Here the job is to transcribe only the lines from the one containing "Foto Professional Isometric" through the last line below, exactly as written; please leave out pictures.

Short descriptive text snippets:
┏━━

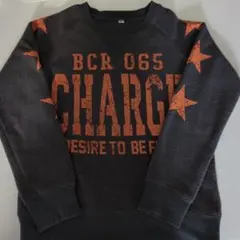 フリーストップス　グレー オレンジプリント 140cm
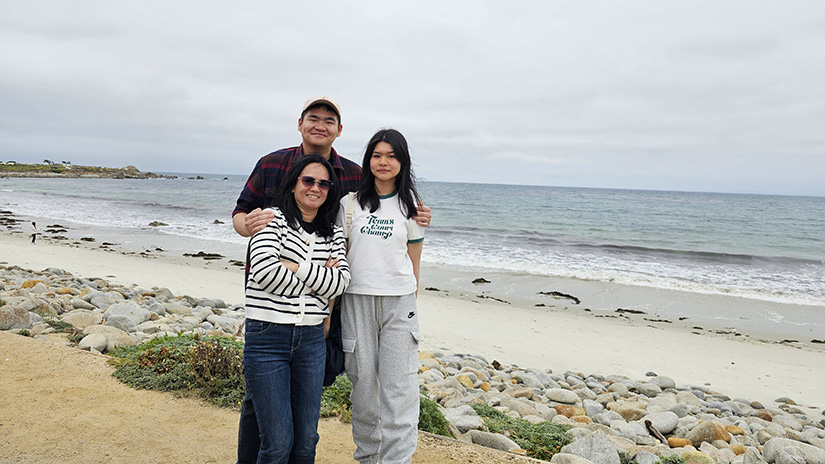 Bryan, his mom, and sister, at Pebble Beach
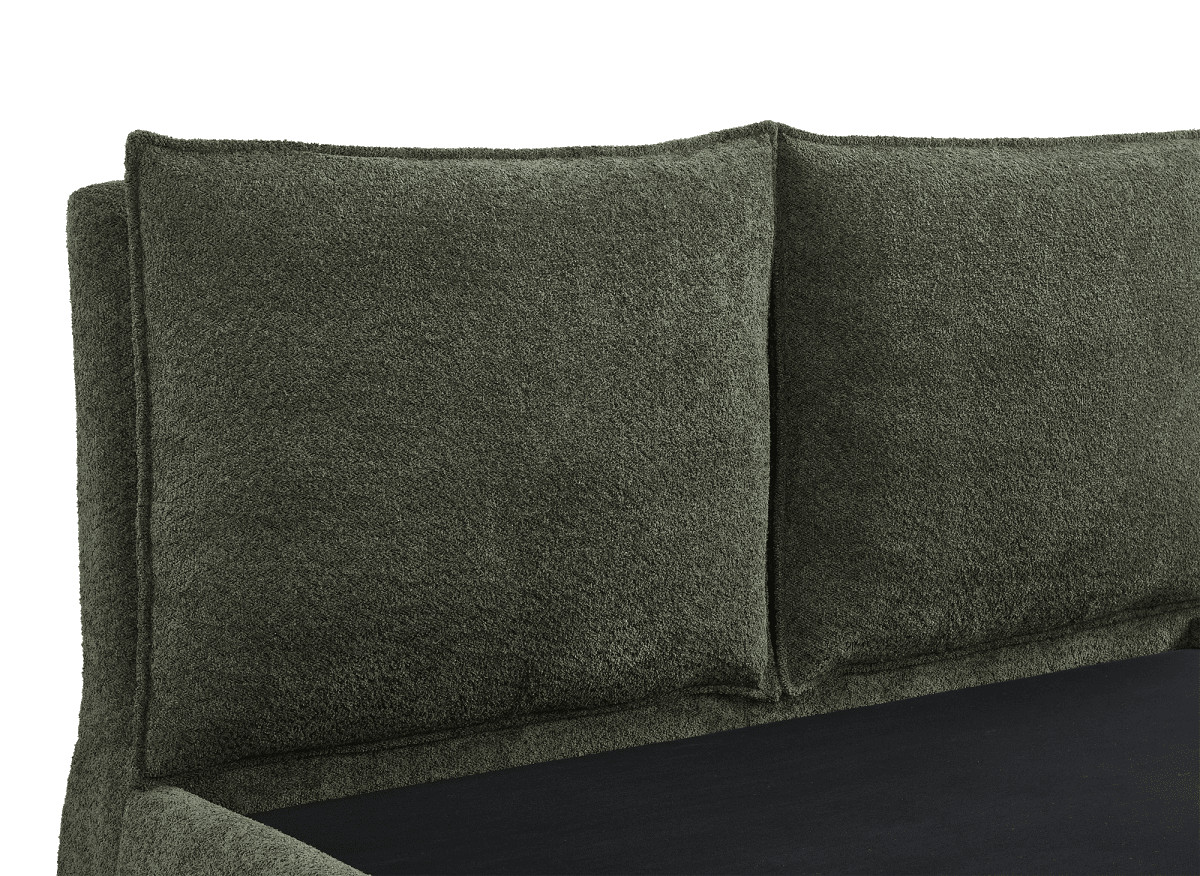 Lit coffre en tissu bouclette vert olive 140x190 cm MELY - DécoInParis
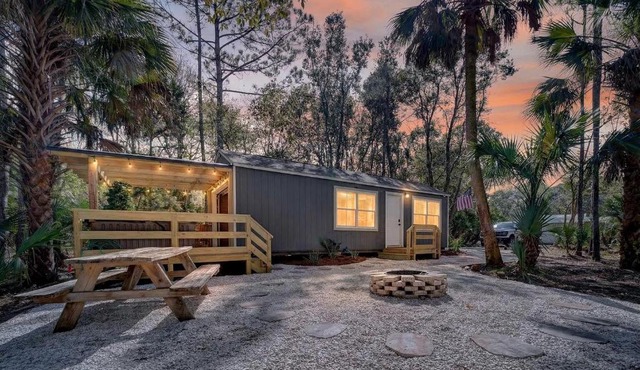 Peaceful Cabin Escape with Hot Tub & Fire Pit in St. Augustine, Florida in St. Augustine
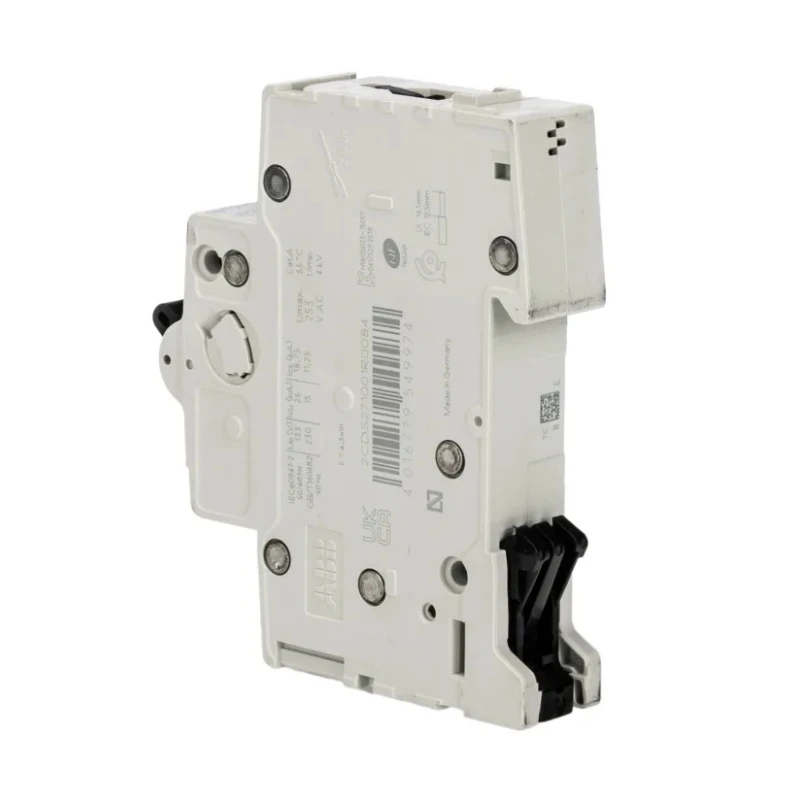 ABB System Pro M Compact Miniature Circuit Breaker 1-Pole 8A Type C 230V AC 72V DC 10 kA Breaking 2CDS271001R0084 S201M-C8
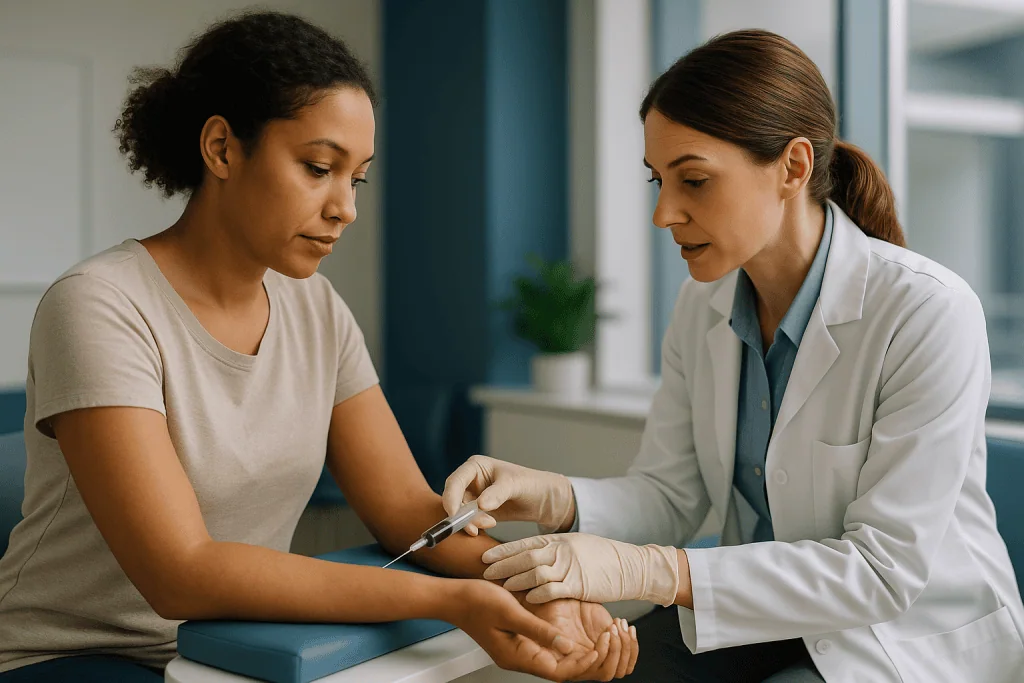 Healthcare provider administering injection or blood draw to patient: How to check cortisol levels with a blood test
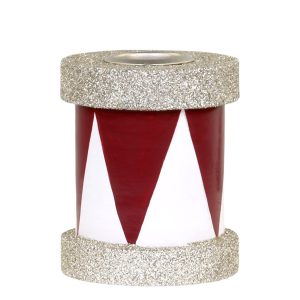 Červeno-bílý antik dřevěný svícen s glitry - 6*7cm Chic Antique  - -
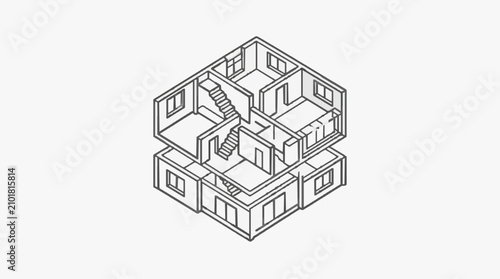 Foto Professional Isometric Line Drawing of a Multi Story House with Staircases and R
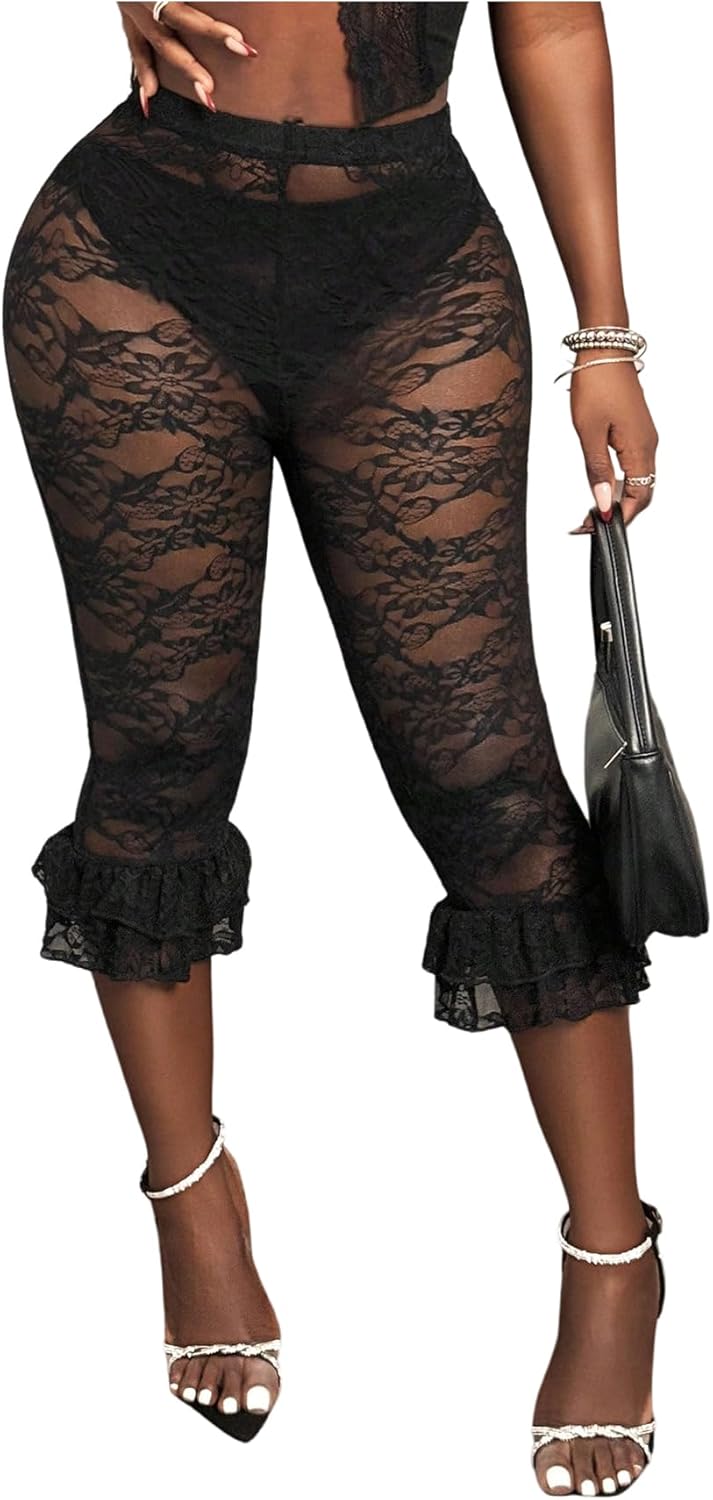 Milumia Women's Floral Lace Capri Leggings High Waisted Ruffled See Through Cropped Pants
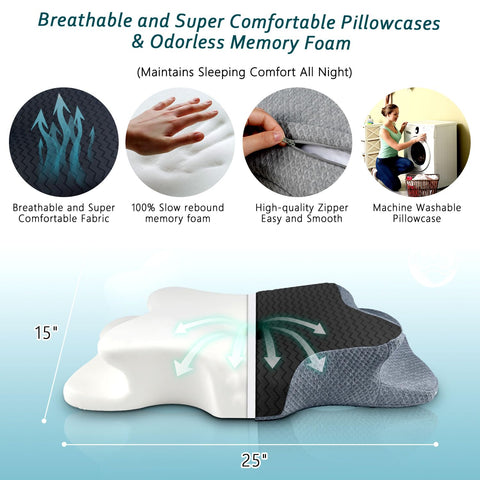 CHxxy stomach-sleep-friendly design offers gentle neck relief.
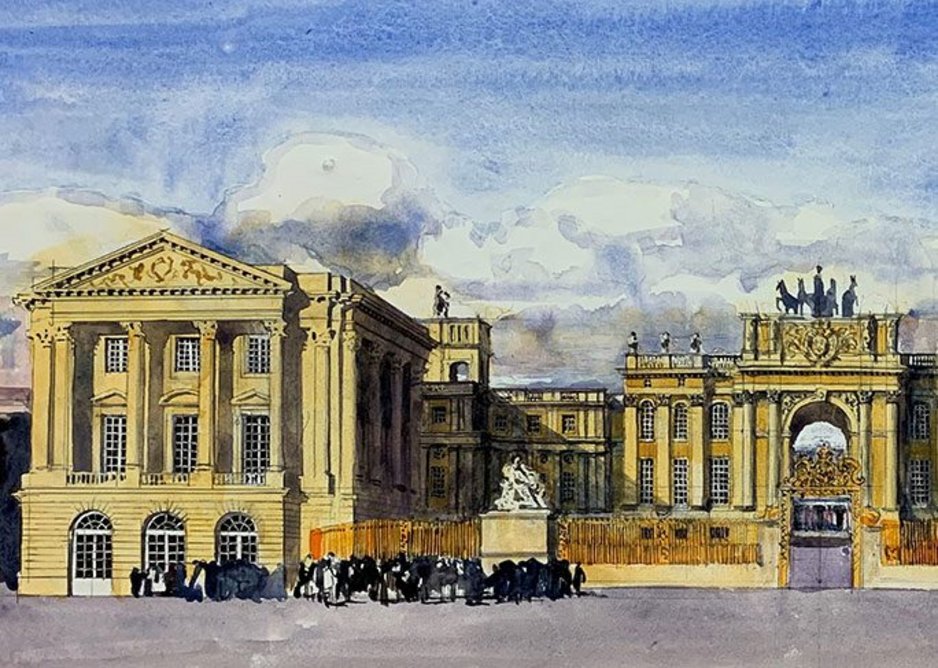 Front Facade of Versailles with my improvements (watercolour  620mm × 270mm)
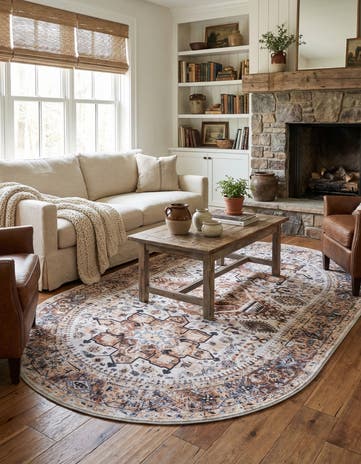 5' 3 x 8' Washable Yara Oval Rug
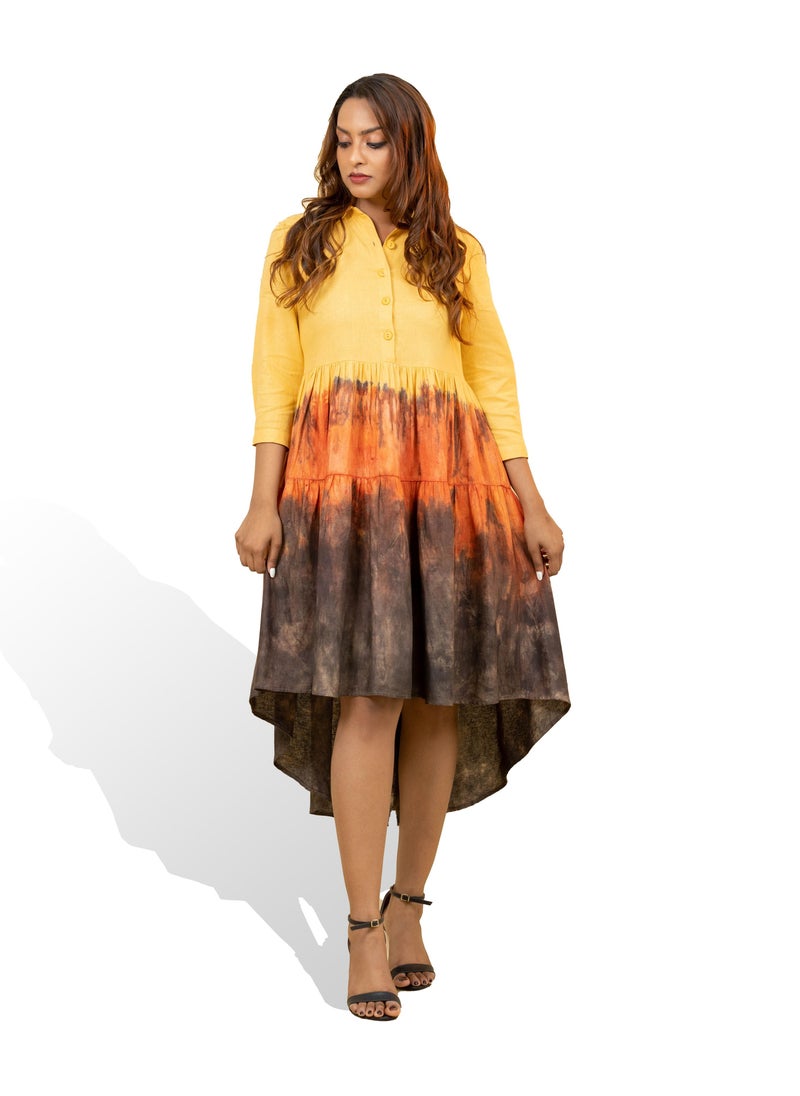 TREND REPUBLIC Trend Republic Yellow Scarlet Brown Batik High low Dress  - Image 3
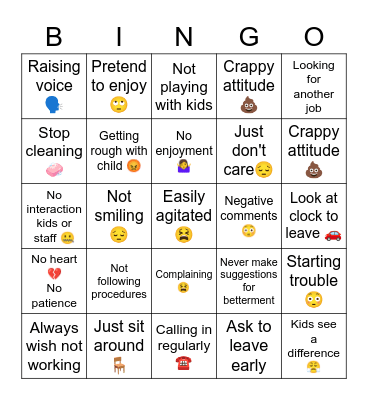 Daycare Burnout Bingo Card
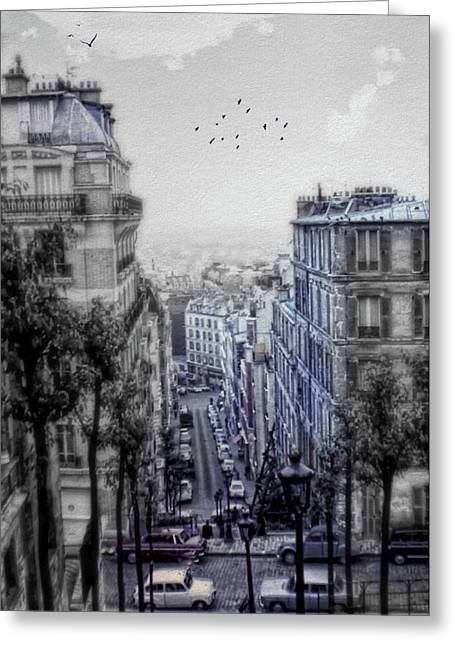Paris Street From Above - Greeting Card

┗━━

◆ TASK RESULT:
 Foto Professional Isometric Line Drawing of a Multi Story House with Staircases and R
 Milumia Women's Floral Lace Capri Leggings High Waisted Ruffled See Through Cropped Pants
 CHxxy stomach-sleep-friendly design offers gentle neck relief.
 Front Facade of Versailles with my improvements (watercolour  620mm × 270mm)
 5' 3 x 8' Washable Yara Oval Rug
 TREND REPUBLIC Trend Republic Yellow Scarlet Brown Batik High low Dress  - Image 3
 Daycare Burnout Bingo Card
Paris Street From Above - Greeting Card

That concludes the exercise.